The data was selected using the following query:
SELECT Collision_Date FROM Collision WHERE Collision_Date IS NOT NULL AND Collision_Date <= '2015-12-31' -- 2016 is incomplete -- We only want car crashes AND Bicycle_Collision IS NOT 1 AND Motorcycle_Collision IS NOT 1 AND Pedestrian_Collision IS NOT 1 AND Truck_Collision IS NOT 1
This selects every car crash that happened before 2016 that has a collision date stored. The current year, 2016, is excluded because the data from it is incomplete.
Crashes per Week
The first thing to look at is crashes as a function of time. Below, I plot crashes per week to make the trends clearer; plotting per day results in too many points to separate by eye.
The week-to-week variation is rather significant, but two major trends are obvious:
- The total number of crashes has been decreasing over the past few years, with a big drop in 2008, but is now rising sharply in 2015.
- Each year is similar, with a mid-year lull and wildly varying increases and decrease right before the end of the year.
The first trend is easy to explain: the Great Recession put many people out of work, who then stopped commuting. The second trend is also due to reduced driving; we’ll look at it in detail below.
To explore the second trend, we’ll need to look at the data day-by-day instead of a week at a time. Below is a plot of the average number of crashes on each day of the year. The average is calculated by summing the number of crashes on a specific day (say, September 22nd) across the years 2001 to 2015. The sum is then divided by the number of times that specific day appeared in the timespan (15, except for the leap day, which only appears 3 times).
Holidays account for the extrema, with the minimum number of crashes taking place on Christmas, and the maximum number taking place on Halloween. In fact, many of the local maxima and minima are also holidays! Some create obvious, multi-day patterns (like Thanksgiving) because they are floating holidays while others (like Christmas and Halloween) create massive, single-day dips or spikes because they happen on the same day every year. Holidays that fewer people get off from work, like Washington’s Birthday and Columbus Day, show almost no deviation from the surrounding dates.
But perhaps the most interesting dates are the holidays where the number of crashes increases! Halloween is the most obvious of these, and sets the record for the highest number of crashes, but Valentine’s Day and St. Patrick’s Day also show increases. I believe there are two reasons these holidays have higher than normal crash counts. First, these are not generally paid holidays, so the normal number of commute-related crashes happen. Second, these are holidays are celebrated away from home after work (for drinks, dates, or candy), and so people drive more on these days than they would otherwise. I suspect that there is a third reason behind Halloween’s high crash count: a higher than average number of pedestrians being out and about leading to a higher than average number of collisions involving pedestrians. I plan to look at pedestrian incidents in a later blog post.
Day of the Week
Finally, let’s look at crashes by day of the week. On weekends, like holidays, we would expect most people to not go to work. Below is a violin plot of crashes by day of the week. The width of each “violin” indicates the number of days with that value while the center line indicates the median, and the two outer lines indicate the interquartile.

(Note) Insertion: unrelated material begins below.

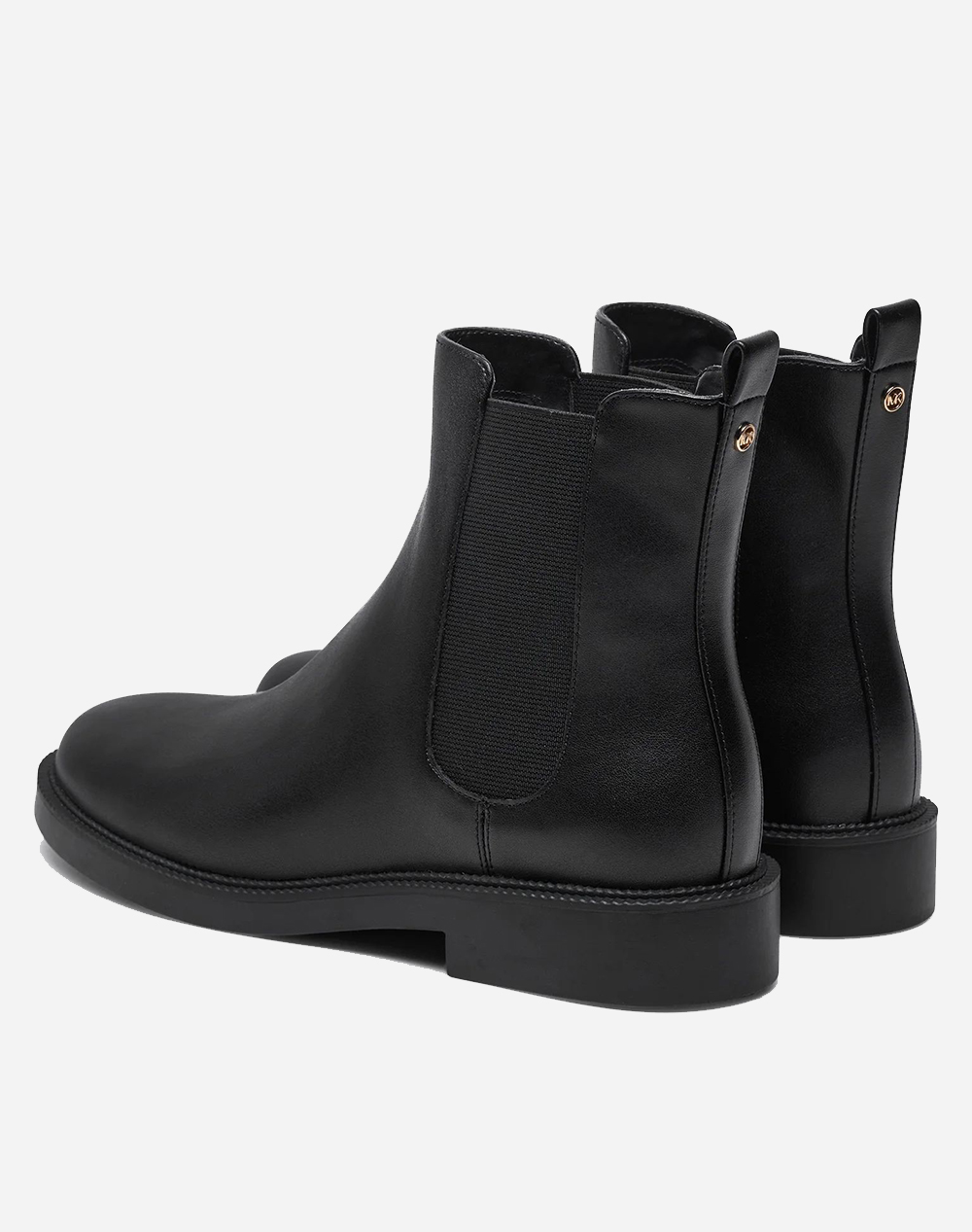 MICHAEL KORS 40F4HZMEEL HAZEL GHETE SCURTE MICHAEL MICHAEL KORS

The distribution for each day of the week is bimodal. This is due to the two plateaus in crash rates: a high one from 2001–2006, and a lower one from 2011–2014. The first four weekdays have roughly the same number of crashes. Friday has more, presumably because people are more likely to go out after work. Saturday drops to a level slightly below the weekdays, though not by much, and Sunday has the lowest crash count.
In the end the results are not too surprising: car crashes happen when people are driving, not when they’re sitting at home celebrating!
Updated : Replaced the univariate dot plot in the Day of the Week section with a violin plot; see this git diff. Also removed Trucks, Motorcycles, Bicycles, and pedestrians from the data set; see this git diff. This removed about 10% of the crashes, but did not qualitatively change the results. These results will be covered in their own posts.